Social media/networks/data sharing

  • Principles for open scholarly infrastructures – “What should a shared infrastructure look like? Infrastructure at its best is invisible. We tend to only notice it when it fails. If successful, it is stable and sustainable. Above all, it is trusted and relied on by the broad community it serves. Trust must run strongly across each of the following areas: running the infrastructure (governance), funding it (sustainability), and preserving community ownership of it (insurance). In this spirit, we have drafted a set of design principles we think could support the creation of successful shared infrastructures.”
  • Why is open data a public good? – “a public good is something that you can’t stop anyone using, and that doesn’t get used up. The examples of public goods that people tend to use are “clean air”, “lighthouses” or “public parks”. Open data also fits this economic definition.”
  • Article sharing on scholarly collaboration networks – draft STM guidelines and a consultation “…there’s no doubt that SCNs are here to stay; so, in hopes of finding a collaborative solution to the challenges and opportunities they present, the International Association of Scientific, Technical, and Medical Publishers (STM) has recently issued a set of voluntary principles that aim to facilitate article sharing on SCNs.”

Outreach

  • The Communicating Science seminars from the AAAS annual meeting were live-streamed and video archives are available online.
  • Storifys from the Investing in Science Communication funding conversations at the AAAS meeting – part 1 and part 2.
  • What do we know about our investment in science communication? – asks Brooke Smith in reflection on the panel she co-organised at the AAAS meeting. “Last year, the United States invested $465 billion (from public and private sources) in scientific research.  Our panelists explored what percentage of this amount we invest in scientists communicating and engaging. But the truth is, no one knows. Turns out it’s a very hard thing to measure. Communications and engagement is not a line item in budgets that we can pull out and add up.”

Communities 

  • Seth Godin’s daily thoughts on his blog are one of my favourite reads. This on the difference between connecting to and connecting particularly nails the difference between treating users as customers or a community.(This is also good on ways not to make customers feel stupid).
  • Jono Bacon on building engagement within an organisation“So, if you want to have a culture of engagement, take the time to actually follow up and make sure people can actually do something. Accepting great ideas, agreeing to them, and not following up will merely spark frustration for those who take the initiative to think holistically about the organization.”
  • 7 questions to ask before attempting to launch another online community – “It’s not a case of build it and they will come. It’s build the community, cultivate a ton of relationships and promote it heavily, then they might come. This takes a lot of hard work and time to get the community up and running. That’s in the early community days. If your community takes off, you then need to consider scaling and moderation concerns.”

Social media developments

  • Twitter updates user safety features and explains why it faves Net Neutrality “Openness promotes free and fair competition and fosters ongoing investment and innovation. We need clear, enforceable, legally sustainable rules to ensure that the Internet remains open and continues to give everyone the power to create and share ideas and information instantly, without barriers. This is the heart of Twitter.”
  • What blogging has become – reflections on changes to Medium “But you can only flirt with being a platform for so long before you just become one. The description of Medium that’s most stuck with me is from Josh Benton again, this time on Twitter: Medium is now “YouTube for prose,” he said. In other words, it’s a platform. And I think with these product changes, it’s embracing that. It feels like a social network now.

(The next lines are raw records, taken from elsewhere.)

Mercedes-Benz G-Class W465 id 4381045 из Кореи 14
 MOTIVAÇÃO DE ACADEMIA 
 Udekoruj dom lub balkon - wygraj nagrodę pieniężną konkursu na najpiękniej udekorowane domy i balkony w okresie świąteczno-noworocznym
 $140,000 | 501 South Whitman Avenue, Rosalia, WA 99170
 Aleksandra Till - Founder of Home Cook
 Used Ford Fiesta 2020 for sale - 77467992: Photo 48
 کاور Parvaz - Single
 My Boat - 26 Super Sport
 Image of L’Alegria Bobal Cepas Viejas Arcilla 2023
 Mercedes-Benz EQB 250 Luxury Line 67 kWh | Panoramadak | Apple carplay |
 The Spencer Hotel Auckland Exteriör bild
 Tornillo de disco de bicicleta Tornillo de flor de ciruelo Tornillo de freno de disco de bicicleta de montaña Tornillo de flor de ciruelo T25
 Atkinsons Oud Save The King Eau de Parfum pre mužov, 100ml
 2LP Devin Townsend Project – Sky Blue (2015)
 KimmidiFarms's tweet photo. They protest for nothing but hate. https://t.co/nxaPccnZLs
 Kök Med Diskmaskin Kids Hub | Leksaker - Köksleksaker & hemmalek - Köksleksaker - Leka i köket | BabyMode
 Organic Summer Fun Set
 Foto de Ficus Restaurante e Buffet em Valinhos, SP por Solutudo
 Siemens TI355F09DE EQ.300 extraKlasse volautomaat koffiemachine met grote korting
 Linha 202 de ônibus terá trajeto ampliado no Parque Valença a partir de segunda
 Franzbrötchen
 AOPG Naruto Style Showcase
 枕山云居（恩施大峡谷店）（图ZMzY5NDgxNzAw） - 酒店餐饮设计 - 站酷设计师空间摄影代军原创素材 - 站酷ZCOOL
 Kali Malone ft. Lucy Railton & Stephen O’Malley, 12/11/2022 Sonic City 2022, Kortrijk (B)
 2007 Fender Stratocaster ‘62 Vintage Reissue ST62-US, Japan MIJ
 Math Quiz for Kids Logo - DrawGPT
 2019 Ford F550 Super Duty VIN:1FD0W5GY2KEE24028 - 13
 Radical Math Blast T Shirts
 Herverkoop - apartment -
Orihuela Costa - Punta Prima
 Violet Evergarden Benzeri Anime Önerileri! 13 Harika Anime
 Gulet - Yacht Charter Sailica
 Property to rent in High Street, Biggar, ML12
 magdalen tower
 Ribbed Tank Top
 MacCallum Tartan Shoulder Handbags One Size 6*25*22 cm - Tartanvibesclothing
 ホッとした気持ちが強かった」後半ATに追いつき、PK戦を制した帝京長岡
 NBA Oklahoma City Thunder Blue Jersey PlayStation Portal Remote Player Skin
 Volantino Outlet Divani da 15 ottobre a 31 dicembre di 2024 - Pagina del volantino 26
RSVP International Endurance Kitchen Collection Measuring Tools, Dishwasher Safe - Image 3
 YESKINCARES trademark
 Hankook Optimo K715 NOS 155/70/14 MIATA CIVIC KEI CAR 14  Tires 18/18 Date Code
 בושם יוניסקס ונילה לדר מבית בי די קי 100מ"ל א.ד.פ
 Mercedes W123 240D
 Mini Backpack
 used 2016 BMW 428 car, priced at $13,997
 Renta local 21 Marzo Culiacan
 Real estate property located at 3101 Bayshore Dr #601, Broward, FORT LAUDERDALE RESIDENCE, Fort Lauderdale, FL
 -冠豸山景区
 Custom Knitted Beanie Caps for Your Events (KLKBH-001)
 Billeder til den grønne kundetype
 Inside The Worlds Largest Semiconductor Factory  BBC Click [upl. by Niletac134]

    The YouTube model is revealing, too, because it sets up two kinds of Medium readers. Some people go to YouTube to watch a one-off viral video. (Read: an especially popular essay.) But many of them go to watch their favorite YouTube stars, video bloggers with whom they’ve developed long, intimate relationships over time. To run a YouTube, you need well-recognized authors, working over time, with audiences all their own. You need bloggers.”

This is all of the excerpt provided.